Ten years earlier, Gala was a charming socialite and Lane was a Hollywood outsider amidst the glittering 1960’s LA party scene. Though never best friends, Lane found Gala sharp and compelling. Gala liked that Lane took her seriously. They were both writers. They were drawn to each other.

That is until Gala’s star began to rise, and Lane grew more envious. Then Lane decided to do something that she wouldn’t ever be able to take back…changing the trajectory of both their lives.

What I think:

I was so immersed in this story from the very beginning.

Lane is a talented young writer who has had glittering success in New York and heads to L.A. to write her novel. At a party she has a brief encounter with Gala, a  party girl, socialite with talents of her own. Lane who is quiet and introspective, is drawn to Gala’s enigmatic and glittering personality from their first encounter.
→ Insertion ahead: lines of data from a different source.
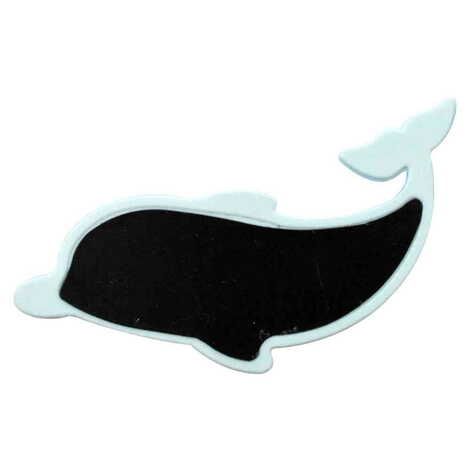 Bodrum Themed Customised UV Printed Plastic Base Dolphin Shaped Fridge Magnet 110x50 mm - 3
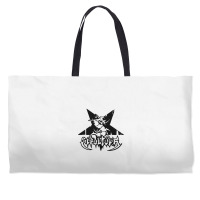 Black Sepultura Weekender Totes | Artistshot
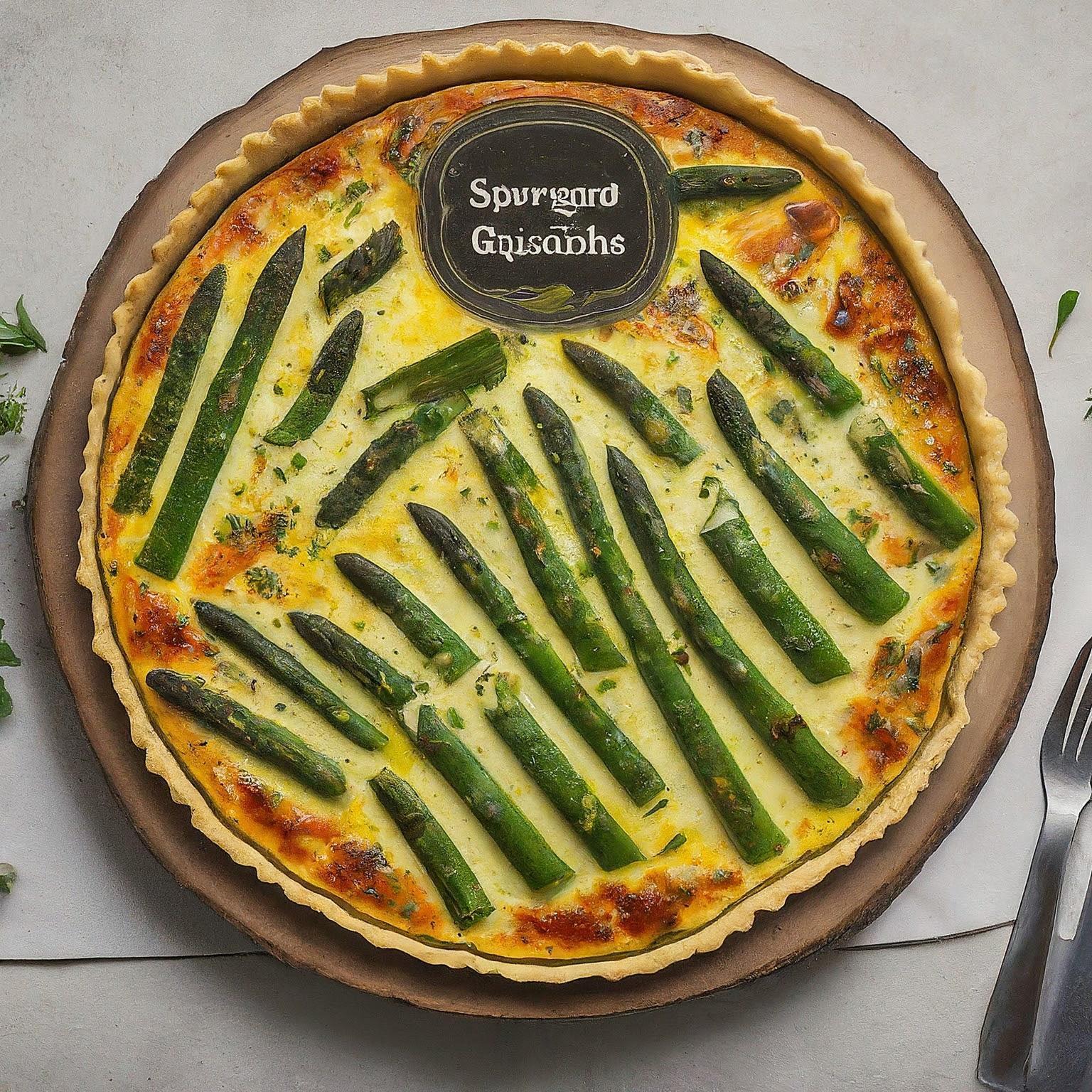 Spargel-Quiche-Rezept-–-Spargelquiche Spargel Quiche Rezept – Spargelquiche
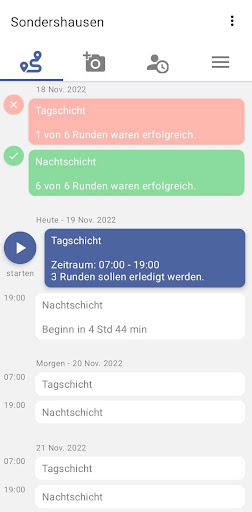 Android application LiteLog screenshort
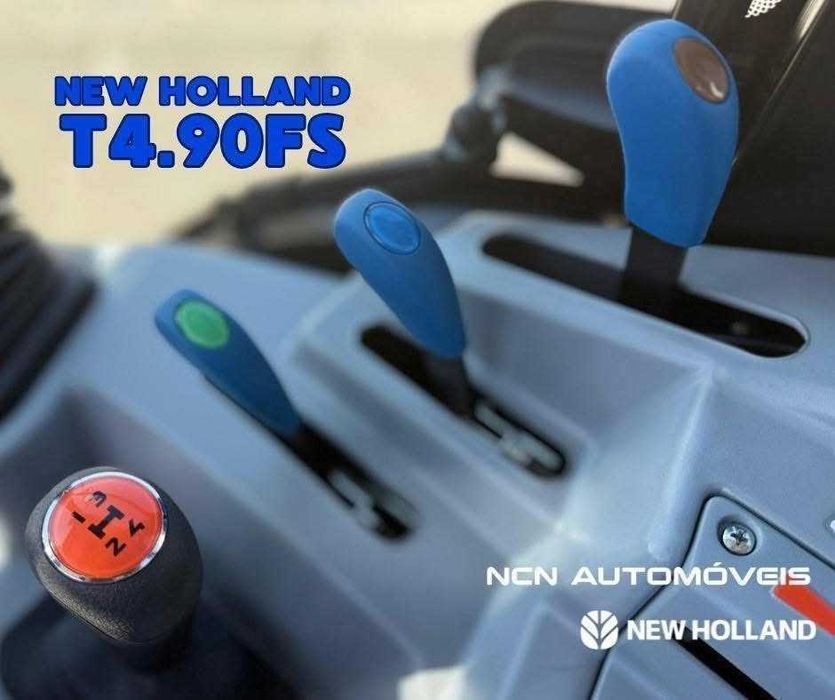 Oportunidade New Holland T4.90FS demonstrador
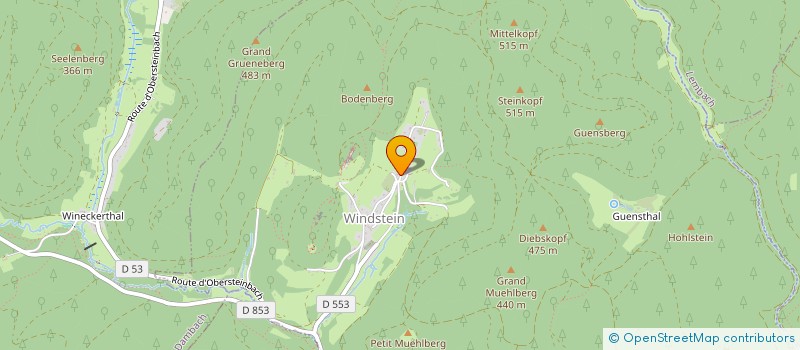 localisation de l'entreprise SCI E.D.I.  WINDSTEIN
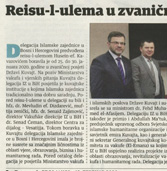 Reisu-l-ulema u zvaničnoj posjeti Državi Kuvajt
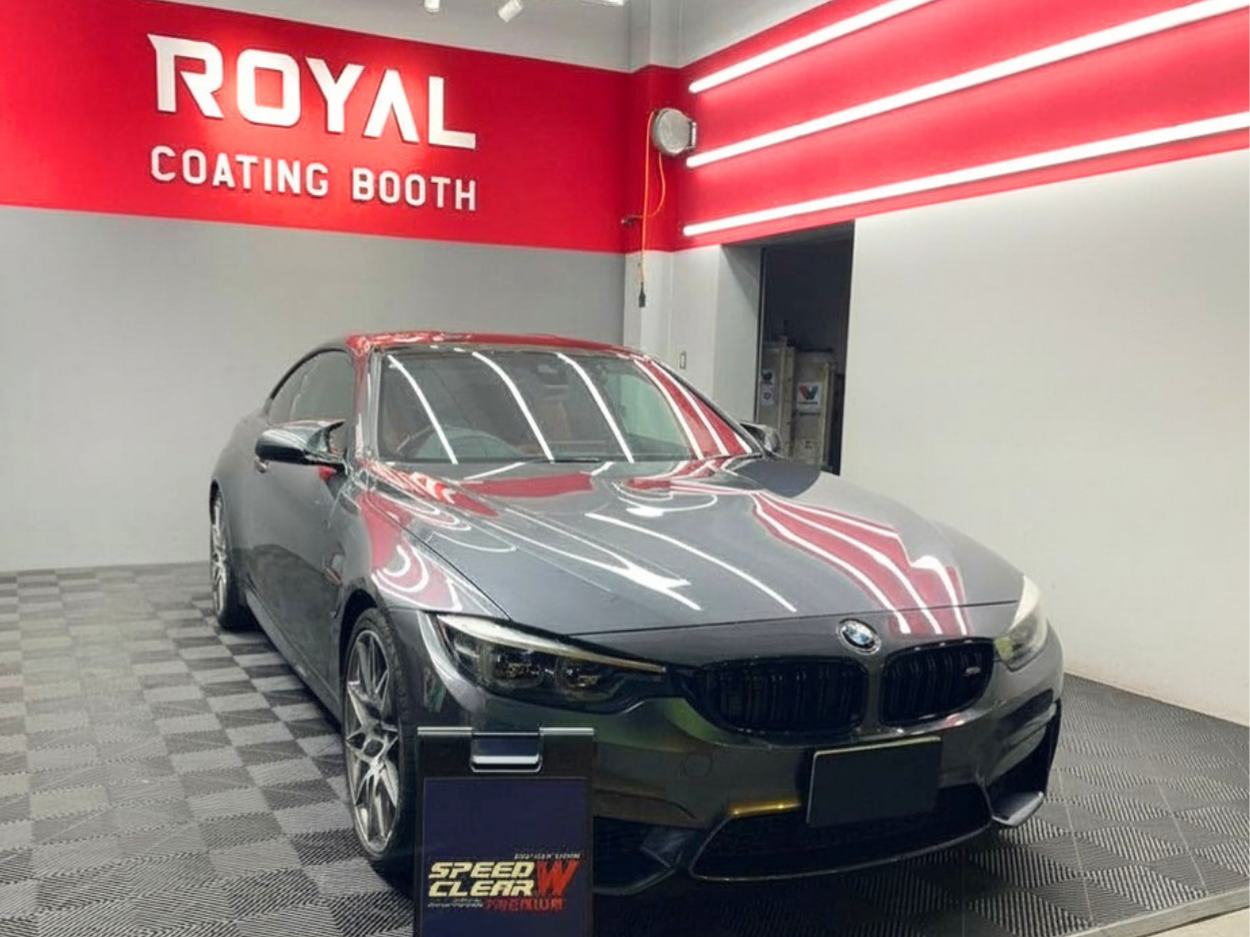 SCW BMW M4クーペ　済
The book begins 10 years later. Lane is searching for the success of her earlier career and decides to write a book based on Gala.

The timelines shift between the present and the past. In the present, Gala is missing and Lane is becoming increasingly erratic in her search to find her. Lane is also coping with motherhood, marriage and her writing. In the past, the scenes of their careers and relationships piece together a picture of two complex and brilliant women.

This book is so atmospheric. It was Daisy Jones-like in its ability to transport me to L.A. in the late 1960s and 70s. The parties at Laurel Canyon are described to make you feel the juxtaposition between the hedonistic fun and despair and loneliness.

Lane is such a complex character. People are drawn to enigmatic personality and sharp wit, but she is deeply insecure about her writing. After her initial success, she has struggled to receive similar critical acclaim. Her complex relationship with her own childhood is having a profound effect on her own experience of motherhood. Having fought to find her place in the literary world, she finds the domestic sphere stiffling.

Gala has also had to create her own space and reputation where she is not reduced to a groupie, a fading It-girl who is dismissed as irrelevant. The competition between them is both a driving force and a destructive one.

Neither Lane or Gala are traditional likeable characters. They feel deeply, are introspective and often selfish. Nevertheless, they make compelling reading, and the cinematic quality of the writing leaves you thinking about them and their lives long after the last page.

Thank you to NetGalley for my gifted digital copy of L. A. Women.